5.1: Additive Perturbation
- Page ID
- 24256
Theorem 5.1
Suppose \(A \in C^{m \times n}\) has full column \(rank (= n)\). Then
\[\min _{\Delta \in \mathbb{C}^{m \times n}}\left\{\|\Delta\|_{2} \mid A+\Delta \text { has rank }<n\right\}=\sigma_{n}(A)\ \tag{5.1}\]
- Proof
-
Suppose \(A + \Delta\) has rank \(< n\). Then there exists \(x \neq 0\) such that \(\|x\|_{2}=1\) and
\[(A+ \Delta)x=0\nonumber\]
Since \(\Delta x = -Ax\),
\[\begin{aligned}
\|\Delta x\|_{2} &=\|A x\|_{2} \\
& \geq \sigma_{n}(A)
\end{aligned} \ \tag{5.2}\]From the properties of induced norms (see Section 3.1), we also know that
\[\|\Delta\|_{2}\|x\|_{2} \geq\|\Delta x\|_{2}\nonumber\]

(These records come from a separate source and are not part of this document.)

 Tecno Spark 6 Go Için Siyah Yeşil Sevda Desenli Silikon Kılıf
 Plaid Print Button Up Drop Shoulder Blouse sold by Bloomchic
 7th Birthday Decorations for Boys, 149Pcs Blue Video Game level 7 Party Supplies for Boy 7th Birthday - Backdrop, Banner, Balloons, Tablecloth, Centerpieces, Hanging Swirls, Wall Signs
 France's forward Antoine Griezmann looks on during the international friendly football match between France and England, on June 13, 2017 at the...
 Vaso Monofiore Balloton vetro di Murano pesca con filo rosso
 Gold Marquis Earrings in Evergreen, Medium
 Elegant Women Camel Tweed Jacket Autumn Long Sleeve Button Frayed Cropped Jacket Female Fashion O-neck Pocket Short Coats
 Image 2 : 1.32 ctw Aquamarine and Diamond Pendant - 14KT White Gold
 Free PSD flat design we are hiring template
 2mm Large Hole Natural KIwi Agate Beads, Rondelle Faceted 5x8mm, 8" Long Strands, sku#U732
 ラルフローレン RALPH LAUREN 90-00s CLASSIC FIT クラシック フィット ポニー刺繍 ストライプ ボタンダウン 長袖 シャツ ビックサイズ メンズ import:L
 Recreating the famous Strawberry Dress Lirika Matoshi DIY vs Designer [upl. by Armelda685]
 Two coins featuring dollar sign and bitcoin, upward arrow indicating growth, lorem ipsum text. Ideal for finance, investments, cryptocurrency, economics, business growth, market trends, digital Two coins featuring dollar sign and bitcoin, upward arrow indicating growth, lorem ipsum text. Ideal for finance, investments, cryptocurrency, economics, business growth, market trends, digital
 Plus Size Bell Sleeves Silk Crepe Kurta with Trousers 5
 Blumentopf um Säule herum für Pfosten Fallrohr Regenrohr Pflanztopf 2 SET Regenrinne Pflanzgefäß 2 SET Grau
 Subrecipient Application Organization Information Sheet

Using Equation (24.3) and the fact that \(\|x\|_{2}=1\), we arrive at the following:
\[\begin{aligned}
\|\Delta\|_{2} &=\|\Delta x\|_{2} \\
& \geq \sigma_{n}(A)
\end{aligned} \ \tag{5.3}\]To complete the proof, we must show that the lower bound from Equation (5.3) can be achieved. Thus, we must construct a \(\Delta\) so that \(A + \Delta\) has rank \(<n\) and \(\|\Delta\|_{2}=\sigma_{n}(A)\); such a \(\Delta\) will be a minimizing solution. For this, choose
\[\Delta=-\sigma_{n} u_{n} v_{n}^{\prime}\nonumber\]
where \(u_{n}\), \(v_{n}\) are the left and right singular vectors associated with the smallest singular value \(\sigma_{n}\) of \(A\). Notice that \(<n\) and \(\|\Delta\|_{2}=\sigma_{n}(A)\). This choice yields
\[\begin{aligned}
(A+\Delta) v_{n} &=\sigma_{n} u_{n}-\sigma_{n} u_{n} v_{n}^{*} v_{n} \\
&=\sigma_{n} u_{n}-\sigma_{n} u_{n} \\
&=0
\end{aligned}\nonumber\]That is, \(A + \Delta\) has rank \(< n\). This completes the proof.